- Exercise details
Every line from the one with "Motosiklet dolmuş minibüse" through the end of the material below, both ends included, should be transcribed exactly, without pictures.
(Information supplied)
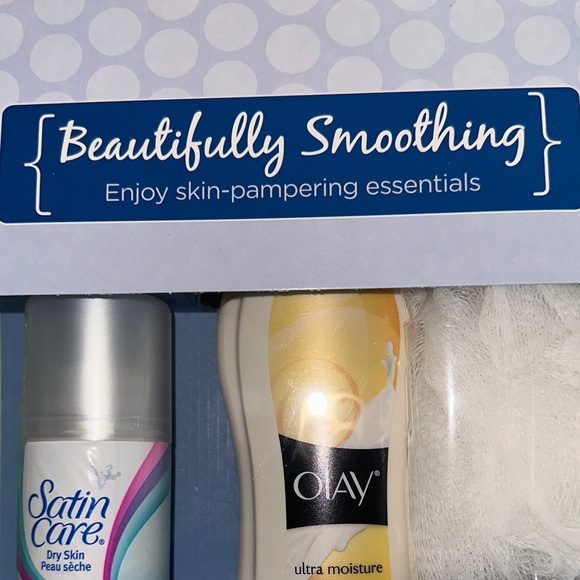 OLAY Bath & Body Set - Beautifully Smoothing Skin Pampering Essentials - Picture 3 of 6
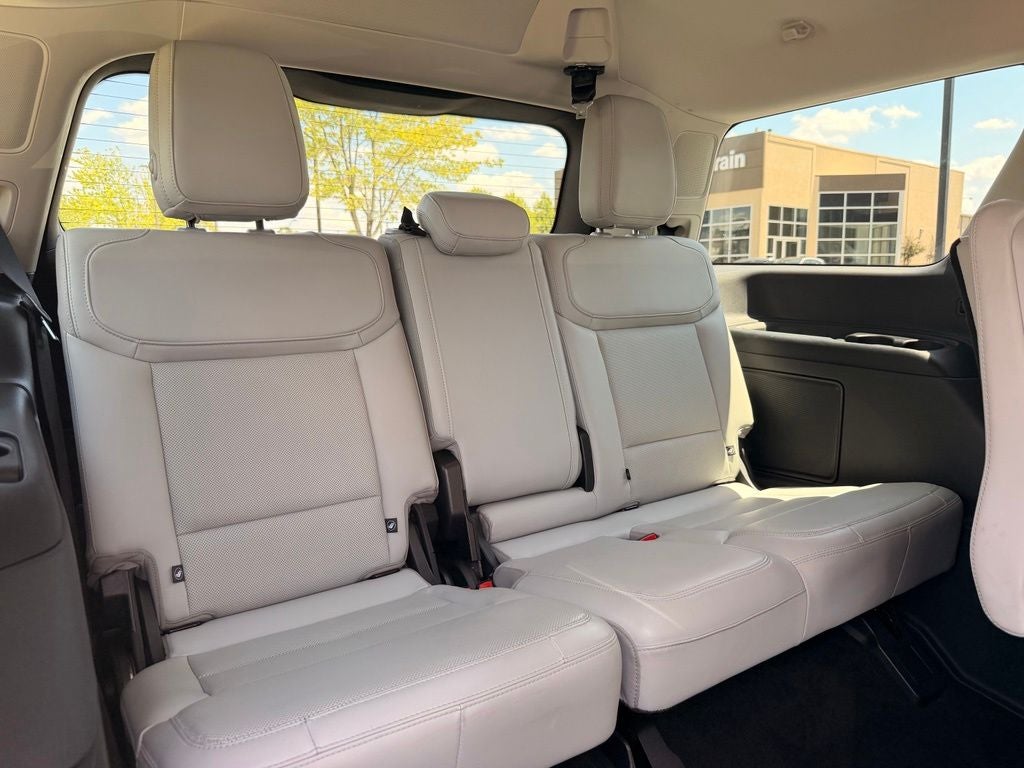 2025 Ford Expedition Platinum CARFAX 1-OWNER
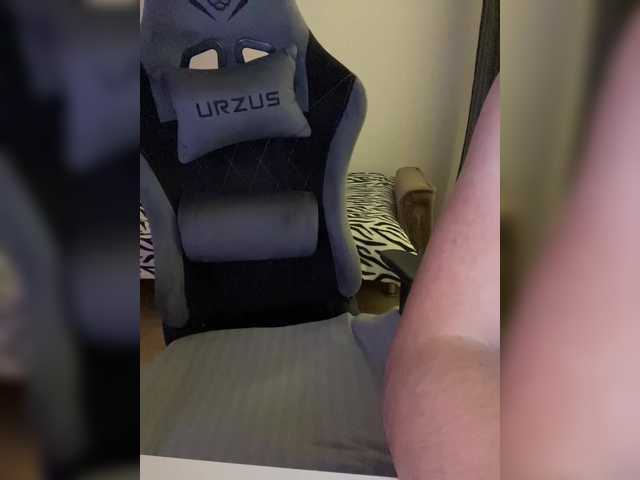 go to chat with _M_O_L_O_K_O_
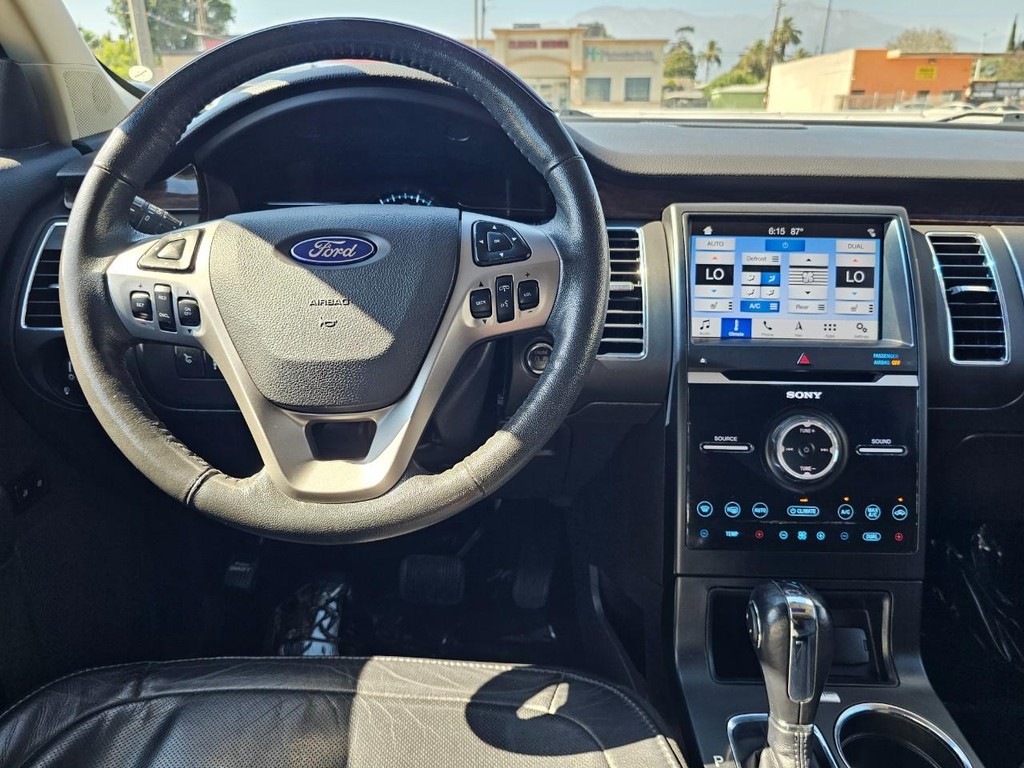 Ford Flex Vehicle Full-screen Gallery Image 29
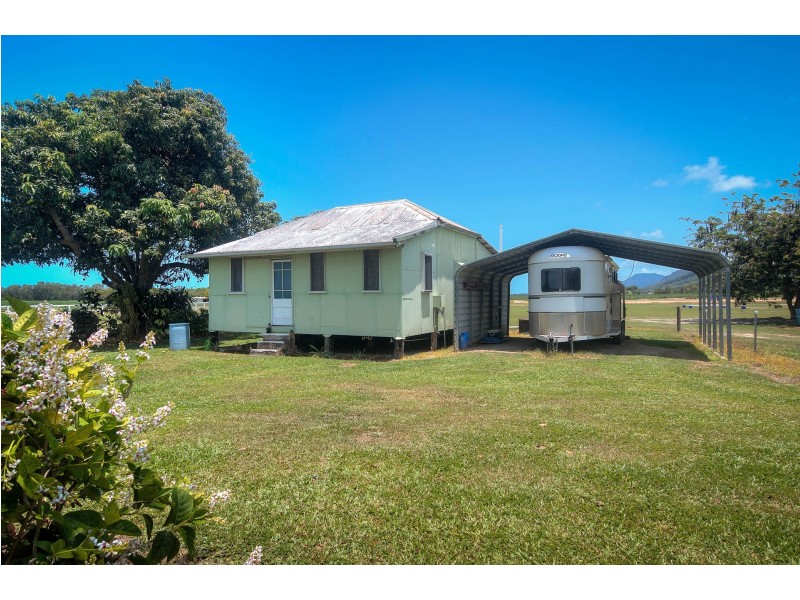 6613 Captain Cook Highway, Port Douglas QLD 4877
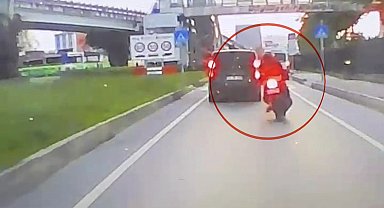 Motosiklet dolmuş minibüse arkadan çarptı: 1 yaralı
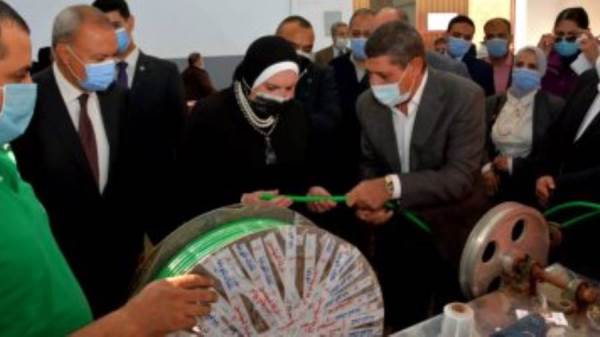 وزيرة الصناعة ومحافظ القليوبية يتفقدان عددا من المصانع بمنطقتى باسوس والعكرشة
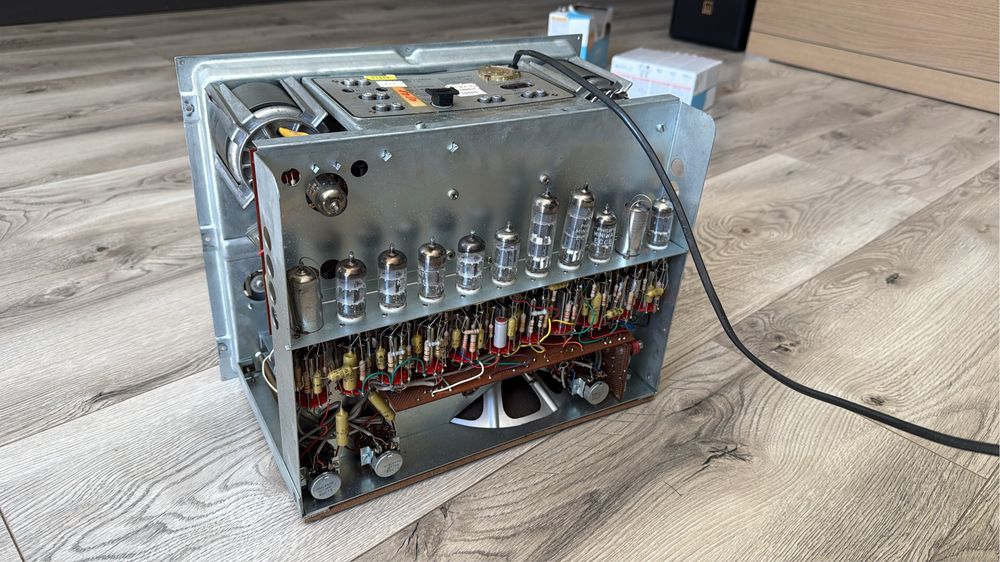 Lampowy Magnetofon szpulowy Revox G36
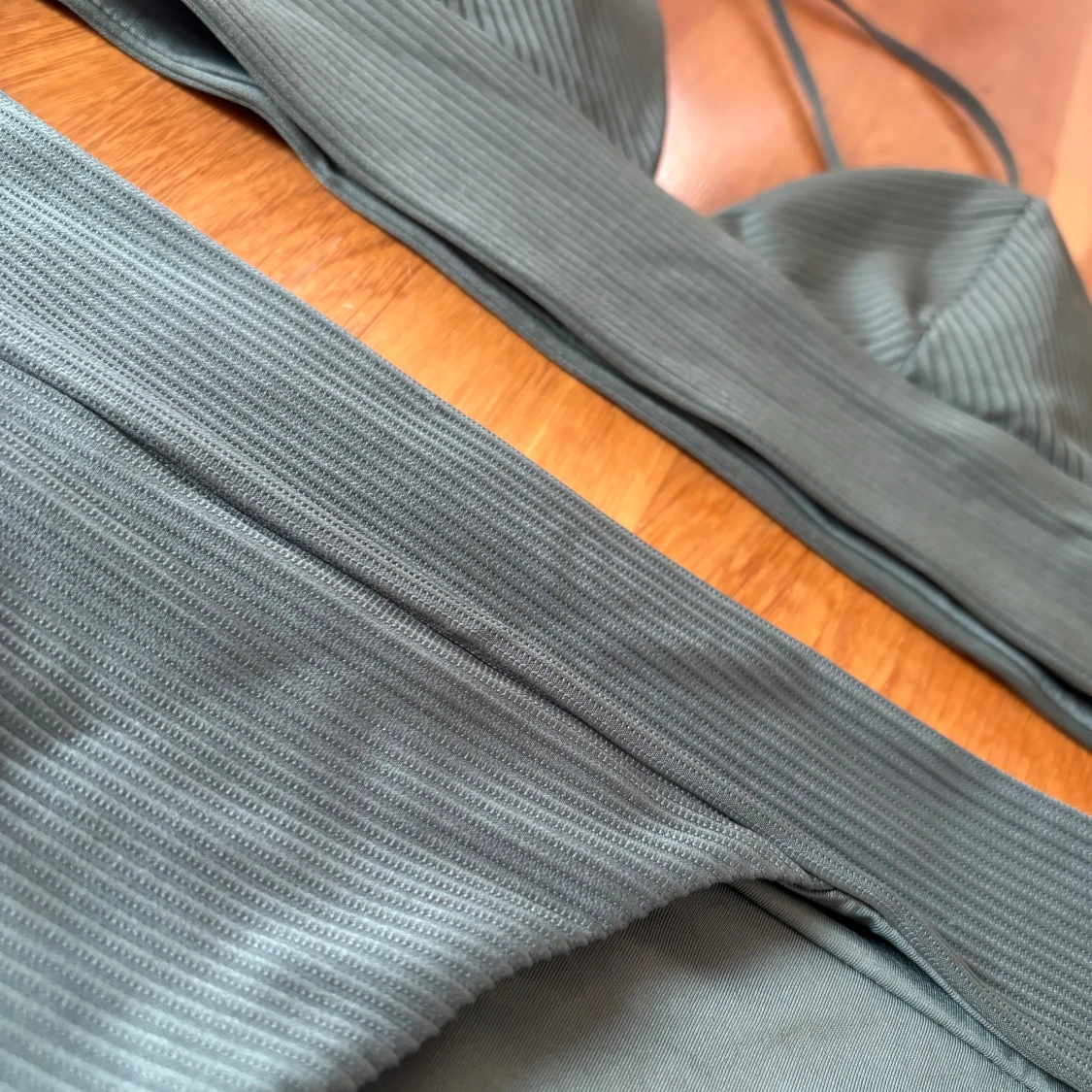 Ribbad olivgrön bikini - 2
(End Information supplied)
- Output below
 Motosiklet dolmuş minibüse arkadan çarptı: 1 yaralı
 وزيرة الصناعة ومحافظ القليوبية يتفقدان عددا من المصانع بمنطقتى باسوس والعكرشة
 Lampowy Magnetofon szpulowy Revox G36
 Ribbad olivgrön bikini - 2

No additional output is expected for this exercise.